A Look at Rituals

This post is courtesy of Historian Fran Becque as part of her continuing series on Pi Phi heritage.

When New Members become part of Pi Beta Phi, and our 25 National Panhellenic Conference sister organizations for that matter, they have some idea what goes along with membership in a fraternity for women. They likely know they’ll be taking part in philanthropic activities, there will be an emphasis on academics, there will be activities with men’s and women’s Greek-letter organizations and there will be sisterhood events. These are the things we discuss during recruitment. They might not realize rituals are part of each organization.

One of Pi Beta Phi’s rituals is our Initiation Ceremony. It is one of the most moving and beautiful ceremonies in which I have taken part. I have many Pi Phi friends who feel the same way. I can still recall so many details of my own initiation, and it took place decades ago. Just to make it clear, the Founders did not write that particular ceremony. It came a little later, but most of them experienced model initiation at various conventions or attended a chapter initiation ceremony.

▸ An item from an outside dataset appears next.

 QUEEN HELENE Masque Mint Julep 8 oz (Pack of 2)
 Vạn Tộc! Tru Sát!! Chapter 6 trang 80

The values, which are reflected in our Initiation Ceremony, are guideposts for a fulfilling, contented and meaningful life. To live those values on a day-to-day basis should be our fervent goal. To know that we are a part of an organization nearly 147 years old, whose values have remained constant for all those years and whose members have taken a pledge to live those values, is comforting and motivating. Those values bring with them a responsibility to live each and every day to the very best of our abilities.

Anna Hazelton, D.C. Alpha
Anna Hazelton, D.C. Alpha

In addition to Initiation, we also have a chapter meeting ritual. It was written by Anna S. Hazelton, a charter member of the D.C. Alpha Chapter. She wrote it in 1890 when she was a collegian. It was officially adopted by the 1893 Convention. Its beauty and simplicity are stunning. One of the “goosebump moments” at convention is when the meeting is opened and closed with the ritual. To hear more than 1,000 women recite the same words is a feeling every Pi Phi should experience.

A ritual for New Member meetings was approved at the 1927 Convention. It was then known as the ritual for pledge meetings. It was prepared by Colorado Beta Emilie King Engelbach.

These rituals are center to the values for which we stand. They are what set Pi Beta Phi apart from every other organization. They make our Fraternity so very special.